J’ai suivi avec beaucoup d’attention naturellement tous ces événements ; j’ai participé de très près à la vie gouvernementale. J’avais été accueillir le Premier ministre, M. Pompidou, quand il était rentré d’Afghanistan. Nous n’étions pas très nombreux : il y avait M. Joxe qui assurait l’intérim du Premier ministre, il y avait Olivier Guichard et moi. Cela ne veut pas dire que les autres ministres ne se sentaient pas concernés mais ils étaient peut-être plus occupés dans leurs ministères que je pouvais l’être alors que j’avais un ministère où les responsabilités n’étaient pas du tout du domaine de l’actualité.

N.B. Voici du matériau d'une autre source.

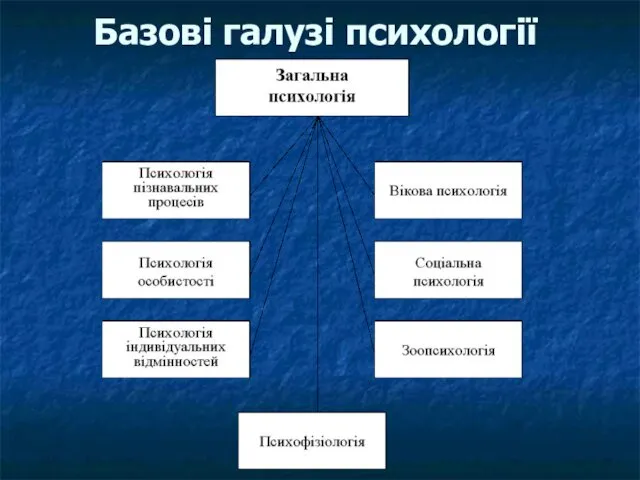 Базові галузі психології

J’étais persuadé que la situation serait reprise en main. Je dois dire que j’ai beaucoup admiré à cette occasion – ça n’a fait que confirmer les sentiments que j’avais déjà à son égard – le rôle de M. Pompidou. Je ne sais pas pourquoi depuis certains ont essayé de voir une opposition entre M. Pompidou et le Général. Il peut se faire que sur certaines décisions, le Général ait eu une perception différente de celle de son Premier ministre. C’est une question de tempérament et d’hommes. Mais tout de même, la finalité et le but étaient les mêmes et uniques chez l’un comme chez l’autre, c’était le rétablissement de l’autorité et de la légalité républicaine, c’est sûr.

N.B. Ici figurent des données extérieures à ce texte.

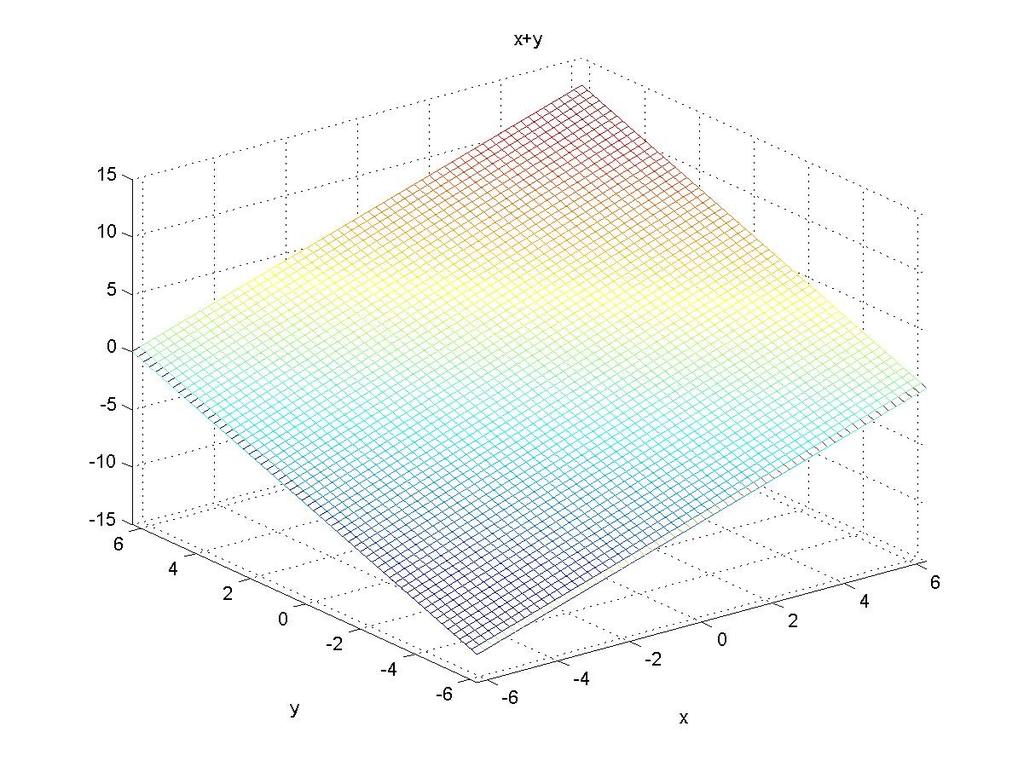 Figura 16: Insiemi di livello di e x2 y 2 e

La partie définitive, c’est l’intervention du Général. Il avait d’abord dénoncé la « chienlit », on s’en rappelle, à la télévision. Son départ à Baden puis à Colombey avait créé un effet de surprise sur lequel beaucoup s’interrogeaient. Et puis son retour et son intervention et, tout de suite, nous étions tous aux Champs-Elysées. J’y étais avec mes fils. Ce sont des moments inoubliables que nous avons vécu là. Cette marée humaine qui répondait à l’appel du général de Gaulle et qui finalement a tout basculé sur son passage. C’était le peuple qui était là. Je pense que c’est l’essentiel de l’enseignement du général de Gaulle. Le Général n’était pas homme à penser qu’on avait le pouvoir parce qu’on l’avait reçu d’une élection et qu’on l’exerçait jusqu’au bout de son mandat quoi qu’il se passe. Non. On ne pouvait l’exercer légitimement qu’avec la confiance populaire. Elle lui fut exprimée, et avec quelle vigueur, en cette circonstance. Ce sont des heures qui, à bien des égards, ont été pénibles mais fort instructives et, en définitive, qui ont montré que le peuple français avait beaucoup de bon sens.
Vous pensez que l’appel de De Gaulle a été aussi important que le rôle de Pompidou ?
C’est différent. Je crois que l’élément qui a déclenché le ressaisissement c’est l’appel du général de Gaulle mais il n’aurait pas été possible sans l’action préalable de M. Pompidou qui avait quand même renoué les liens, repris le dialogue, qui avait faire rouvrir la Sorbonne. C’était deux rôles tout à fait complémentaires mais l’intervention du général de Gaulle, nécessairement, a été l’événement qui a déclenché le processus, la mobilisation du peuple.
Avez-vous eu l’occasion de parler avec le général de Gaulle, avec M. Pompidou pendant cette période ?
Quand j’étais à Orly, M. Joxe expliquait à M. Pompidou ce qui s’était passé et M. Pompidou nous a interrogés. Mais je ne me rappelle pas de conversations particulières.
Il ne faut pas opposer le général de Gaulle et M. Pompidou ; c’est trop facile. En réalité, l’exécutif est entre les mains du Premier ministre, le chef du gouvernement. L’exécutif procède du Président de la République et non pas du Parlement. Chacun a très bien joué dans son propre registre.